Tom Manaugh and Saïd Majdi teamed up to develop the Stop Groundwater Plan– Save $8 Billion proposal in the Adaptation to Climate Change contest, and are two of this year’s Judge’s Choice Winners. The proposal pitches an alternative to the Southern Nevada Water Authority’s current plan to pump and transport groundwater from the eastern part of the state and presents a more ecologically-sound strategy for Las Vegas and the greater region to meet its water needs.
2014 Judge’s Choice Winners, Tom Manaugh and Saïd Majdi of Stop Groundwater Plan — Save $8 Billion
Team member Tom Manaugh tells us more about his team and their water plan:
What inspired you to submit a proposal to the Climate CoLab?
We learned of Climate CoLab this year and actually entered the contest to get practice on the online platform prior to submitting an entry in 2015 on a topic dealing with renewable energy. We still have plans to submit an entry in 2015 on an ambitious green energy project we call “Energy Island.”
How long did you work on the idea before entering it into the Climate CoLab?
Saïd, a consultant in the transportation and energy industry, and I met informally during a community outreach event at a local mosque in 2013. We had a meeting after Saïd showed interest in the Energy Island invention that I got patented in 2012, and an informal collaboration evolved from there. Eventually, we created www.powerplant2100.com and submitted a provisional patent application to the U.S. Patent Office for an invention regarding energy storage.

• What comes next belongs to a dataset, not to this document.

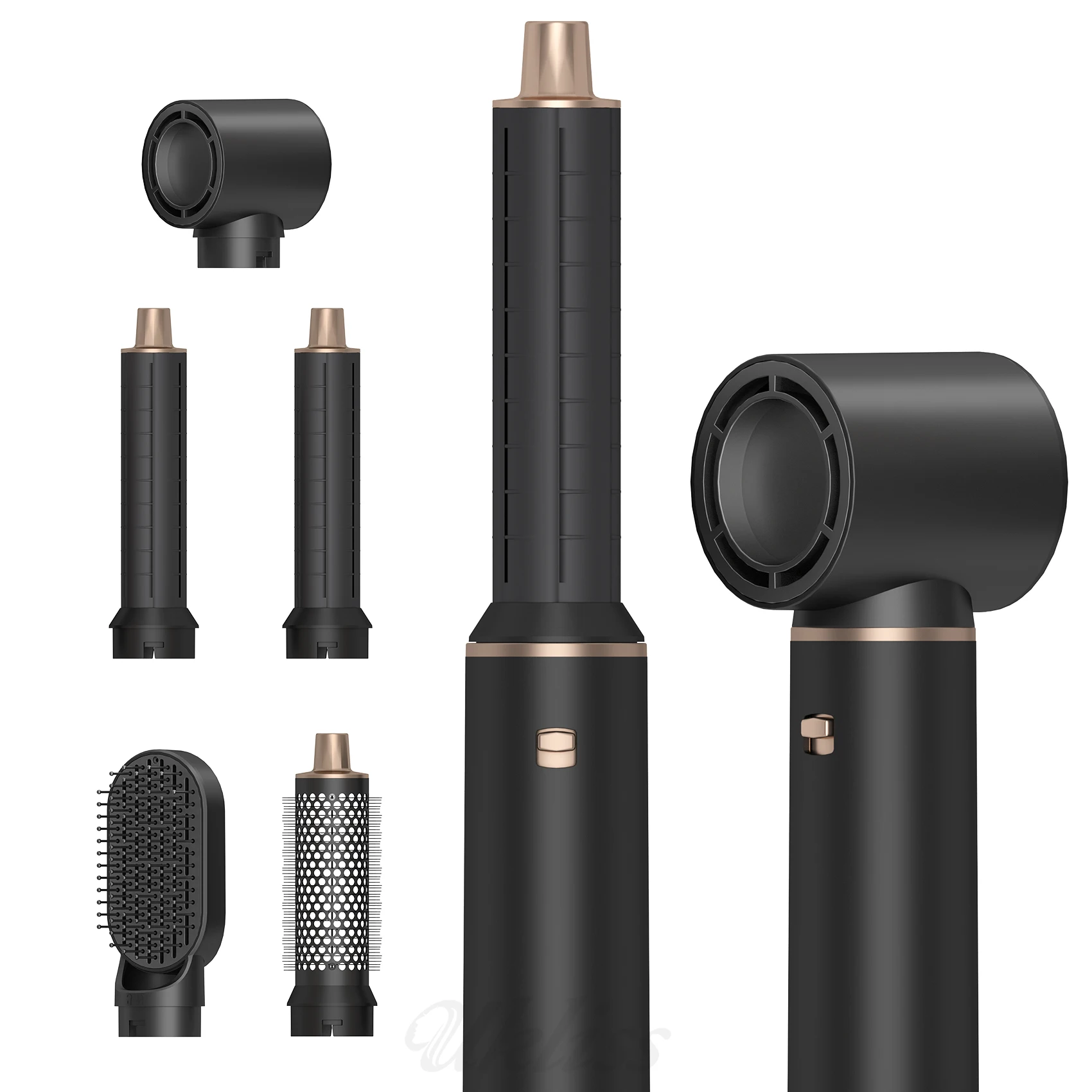 Professional BLDC Hair Dryer Hot Air Brush Styler 1200W Hair Straightener Brush Hot Air Brush For Home Use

With only a few days left before the Climate CoLab deadline, we were lucky to have made it into the Adaptation to Climate Change Contest with a rather hastily written proposal to improve on a troubled plan we saw described in a news report—a plan to combat water scarcity in Las Vegas, Nevada, with massive pumping and transport of groundwater. The plan was clearly one that was too narrowly focused, too expensive, too environmentally destructive, too short-term, and too mired in controversy and lawsuits. Basing a new plan on systems thinking and our knowledge of energy and water issues, we wrote an alternative plan called “The Desalination Plan.” (Sara Manaugh offered very good editing advice.) Even after becoming finalists, we continued to refine our plan, based on feedback from judges and others. Those refinements are posted on our entry’s comments page.

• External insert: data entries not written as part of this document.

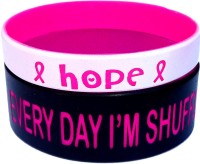 1" wristband with colored text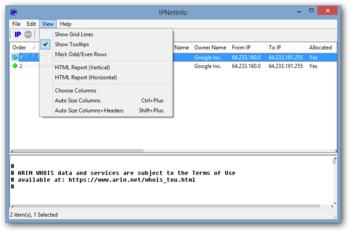 IPNetInfo screenshot 3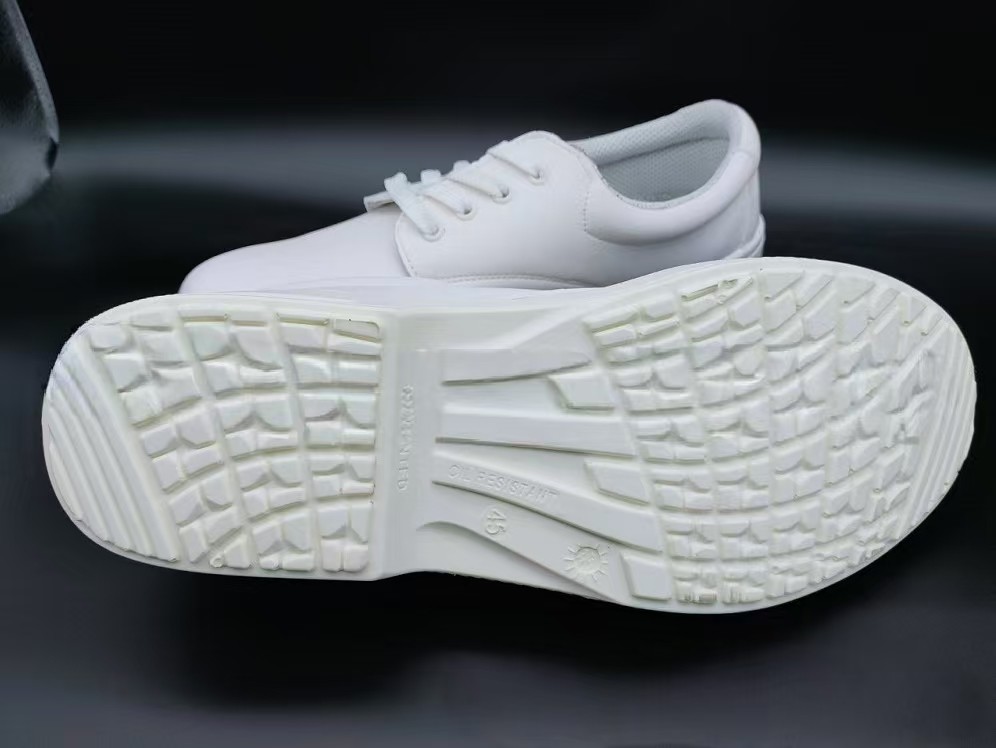 White Leather Nursing Shoes Durable Polyurethane Sole Shoes For Men And Women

The Climate CoLab has provided an effective collaboration platform that has facilitated the development of our proposed plan. Feedback from the judges and other experts was a major contributor to the final quality of our contest entry.
Literally millions of people can get long-term benefits if the groundwater plan is stopped and a better plan is adopted. Furthermore, the habitats for millions of creatures will not be destroyed as natural springs dry up. An opportunity to see our idea benefit people and the planet is something we feel committed to pursue.
“You never change things by fighting the existing reality. To change something, build a new model that makes the existing model obsolete.” – Buckminster Fuller
What are you most hoping to get out of the upcoming Climate CoLab conference?
We expect to enjoy meeting many interesting and creative people, develop new relationships and create opportunities for future collaboration. We hope that an implementer will see that a small amount of support for our work could result in very large, long-term positive results.